The word and concept of religion (宗教) arrived in China during the late 19th century from Europe. In the concept was embedded the idea of a church-like and organised institution. The concept of religion also allowed for introduction of the notion of superstition (迷信).
In post-imperial China, the Republican government wanted to regulate and standardise religions. Reformists of early 20th century China made the distinction between what was acceptable (religion) and what was unacceptable (superstation). Religion could remain and what was deemed superstition had to be destroyed.
According to Gossaert, a scholar who conducts research on Taoism at the French National Centre for Scientific Research (CNRS), there were one million temples in China in 1900 and half of them were ‘destroyed’ before 1937 and re-assigned into schools so that normal citizen could get an education.
Temple, secularisation and destruction : Mao
In his 1957 speech on the Correct Handling of Contradictions among the People, Mao Zedong first stated that “religion cannot be abolished by administrative decree or by force” (我们不能用行政命令去消灭宗教，不能强制人们不信教).
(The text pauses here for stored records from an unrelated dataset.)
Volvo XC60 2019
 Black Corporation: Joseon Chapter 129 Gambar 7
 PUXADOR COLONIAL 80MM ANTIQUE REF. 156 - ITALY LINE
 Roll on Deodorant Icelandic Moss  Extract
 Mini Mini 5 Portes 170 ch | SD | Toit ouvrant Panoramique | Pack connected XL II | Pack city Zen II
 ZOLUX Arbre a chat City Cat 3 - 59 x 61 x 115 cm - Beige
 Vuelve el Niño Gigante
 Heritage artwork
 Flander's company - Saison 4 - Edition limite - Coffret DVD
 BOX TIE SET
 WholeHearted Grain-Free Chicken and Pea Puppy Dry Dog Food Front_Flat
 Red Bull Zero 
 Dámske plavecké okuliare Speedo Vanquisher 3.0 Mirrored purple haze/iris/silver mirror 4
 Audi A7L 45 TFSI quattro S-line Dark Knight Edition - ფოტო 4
A few months before the start of the Cultural Revolution, theorists explained the reactionary nature of religion and proclaimed that religion and superstition were the same. With the campaign against the ‘Four Olds’ (old ideas, old culture, old customs, old habits), it became obvious that religion had to be eradicated. A radical and militant atheism was adopted, allowing for the destruction of religious artefacts, temples, mosques, monasteries, churches, and sacred places.
Although destruction was systematic and organised, it was also uneven. In the same time, religious places that had been secularised under the Republican government were of course spared by the Red Guards.
Temples in the post-Mao era
There has been an obvious religious revival since the death of the great helmsman. In each temple, you will find a stele on which the names of all the people who donated money (and how much they donated) are listed. Chinese believers have diverted a lot of money into the restoration of ancient temples and the building of new one in their community.
In post-Mao China, religion is striving and the government officially guarantees religious freedom which means the freedom to believe and the freedom to not believe.
A document titled “Basic viewpoints and policies on religious issues during China’s socialist period” issued in 1982 by the central leadership became the official guideline for the handling of religious affair. At the core of this document, we find the historical materialist’s premise that religion will become extinct. Nonetheless, the central leadership does acknowledge that religion will still be around for a long time.
Looking back at the Guangying Temple
Beyond this very short history of temple secularisation in China, Guangying Temple which is the school of Longgang village is still very well preserved. From the temple’s front gate, we have a breathtaking view on the Yilong lake.
Master Wang was on the phone talking in local dialect. After he hung up, he announced we were going to his home for meal before spending the afternoon driving towards Luzigou.